RPG writers are especially vulnerable to this because like most writers we spent the first thirty years of the internet uploading as much of our work as possible. For the short term, I expect more and more we will just have to retreat. I’m not even sure I dare write games in Microsoft Word right now. Certainly not Google Docs. It feels too risky. Everything I do seems to enrich others and steal from me. But at the same time, I’m not sure – being poor, being disabled, being neuroatypical – that I can find alternatives like a keep cup. It is immensely depressing to be reaching perhaps the high point of my career only to see it on the precipice of being able to make any kind of money – but it is of course much more depressing for the young starting out. Again, others may say that is doomist, but I would say they will see the wolf soon enough.

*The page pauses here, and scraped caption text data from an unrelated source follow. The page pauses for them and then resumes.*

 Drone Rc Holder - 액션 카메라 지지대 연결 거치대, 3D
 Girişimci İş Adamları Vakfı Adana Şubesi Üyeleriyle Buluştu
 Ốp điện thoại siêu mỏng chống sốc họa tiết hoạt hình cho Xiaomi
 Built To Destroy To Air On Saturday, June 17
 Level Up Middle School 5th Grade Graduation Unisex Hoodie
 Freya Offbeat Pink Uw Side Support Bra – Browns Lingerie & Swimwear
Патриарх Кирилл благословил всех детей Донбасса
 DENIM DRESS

This may be why we’re seeing zines creeping into the public eye again: they can contain games that cannot be owned or stolen. We’re also seeing more and more that people crave shared experiences and connection and passive media fails to give them that. They want to DO things, and do them together. And they want to feel things and touch them in their hands. Even if these things are the new keep-cups, they will have value to humans. Humans will certainly never stop gaming: I own a facsimile of a deck of cards made from the fibres of beds and walls in a WW2 concentration camp, and cell walls have had games carved into the stone. Gaming, uh, finds a way.

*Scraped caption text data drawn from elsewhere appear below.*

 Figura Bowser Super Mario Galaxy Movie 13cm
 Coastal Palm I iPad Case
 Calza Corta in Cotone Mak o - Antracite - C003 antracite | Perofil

But selling games for money? I’m not so sure. I have so many wonderful ideas for versions of The Score. But I’m not sure there’s enough money in making them…and it might be better to make them as cheaply as I can and give them away as PDFs to print and play. Last year, I spoke at DevCon, the annual Australian meet up of designers, and I was asked a question and the asker said “but don’t just say ‘it depends on your definition of success'” – because I had said that a few times already. But I think it is going to be increasingly important because I think less and less will we be able to always align success with sales. Like the Bohemians, we will have to choose more and more between making games and eating food. Be ready for that choice: that is my message for now.